El decálogo playero está integrado por Camboa o Gamboa, semidesierta y moteada de piscinas poco profundas; Muro Alto, aislada del mar por una compacta barrera de arena, ideal para nadar, hacer la plancha o practicar snorkel; Cupe, la de mayor infraestructura debido a la profusión de hoteles y posadas; Porto de Galinhas, la más céntrica (desde allí salen las excursiones mar adentro en velero o jangada); Maracaípe, la única de aguas abiertas, amada por los surfistas debido a sus grandes olas veloces; Pontal do Maracaípe, en la desembocadura del río homónimo, un santuario donde llegan a desovar las tortugas marinas y viven los caballitos de mar; Enseadinha, bordeada por arrecifes de coral y manglares, a la que se accede por un condominio; Serrambí y Cacimbas, famosas por sus aguas mansas y sus atardeceres dorados, y Toquinho, ideal para los solitarios, ya que los turistas la frecuentan poco debido a la furia del mar.
El buggy se detiene, tras su habilísima carrera, en Pontal do Maracaípe, donde confluyen las aguas fluviales y oceánicas: allí donde termina el mar azul comienza el río opaco y cobrizo, bordeado de manglares. Nos internamos a bordo de una jangada en ese cauce poco profundo (menos de un metro y medio) flanqueado por inmensas raíces que forman islotes para conocer a la frágil criatura que tiene allí su hábitat: el caballito de mar. Sólo los jangadeiros tienen permitido "pescar" cavalos marinos: los atrapan con la mano y los colocan durante unos minutos en recipientes transparentes para que podamos verlos; luego los devuelven al agua.

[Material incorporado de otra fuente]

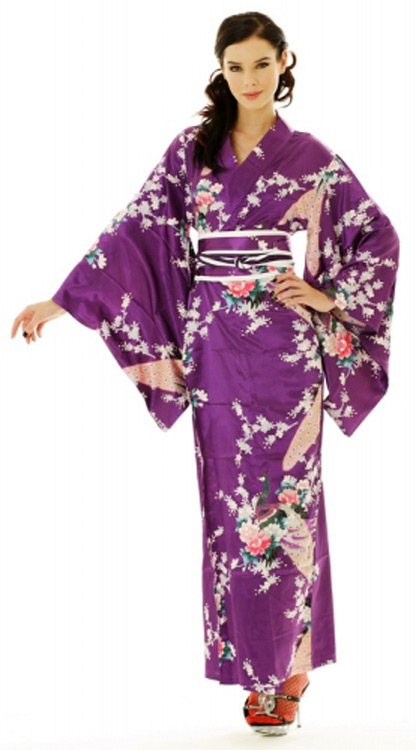 Elegant Purple Yukata - Long Yukata & Kimono - Neve Bianca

En Galinhas es común caminar hasta donde están los baobabs: árboles de troncos anchísimos traídos de África y plantados hace más de 400 años por los esclavos (los más famosos son el de Nossa Senhora do Ó y el de Porto de Galinhas, donde según la leyenda se apostaban los niños vigías que anunciaban el arribo de los barcos negreros). O recorrer los senderos ecológicos, entre ellos la Trilha dos escravos, que parte de la playa de Maracaípe y cruza un tramo de selva atlántica con algunos hitos históricos, como un antiguo molino harinero, la capilla Nossa Senhora da Conceição (1765) y el Mirador do Outeiro. Dicen que Porto de Galinhas "nunca duerme" y es verdad: los bares y restaurantes de la calle Beijupirá siguen abiertos hasta que las velas no arden. Y siempre, claro, hay música sonando en todos los rincones: forró y frevo y, de vez en cuando, algún maracatú que sorprende a los viajeros con la potencia y la elegancia de la herencia africana.